YOUR TASK: In your copy of the data, include no pictures and alter nothing else.

COLLECTED DATA:
__________
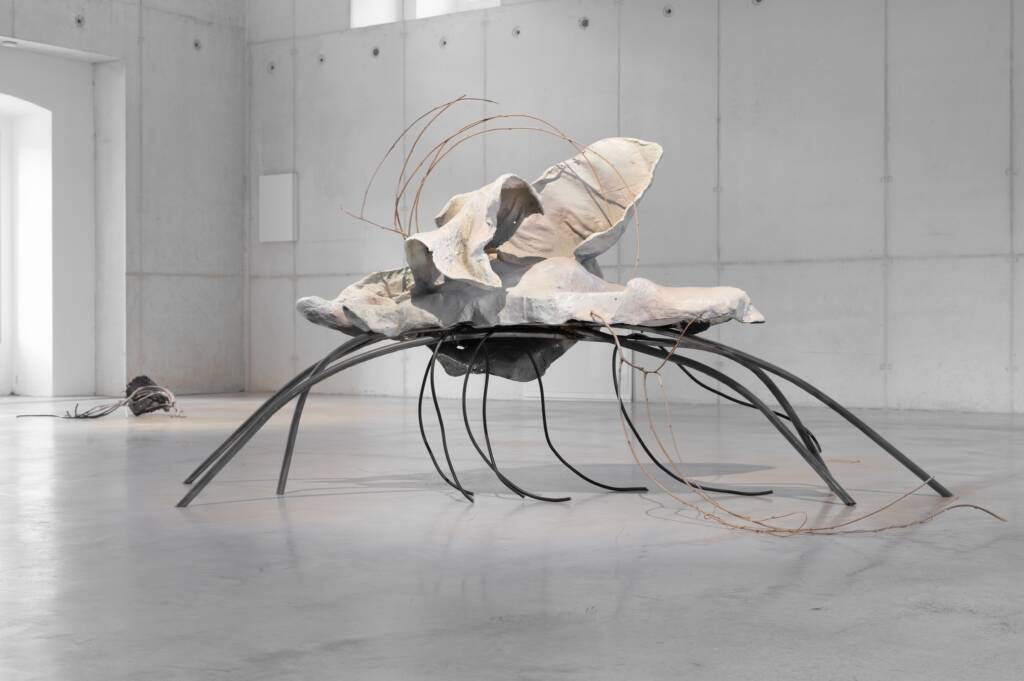 yein lee
biomorphic sculptures
contemporary sculpture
__________
RESPONSE BOX:
 yein lee
biomorphic sculptures
contemporary sculpture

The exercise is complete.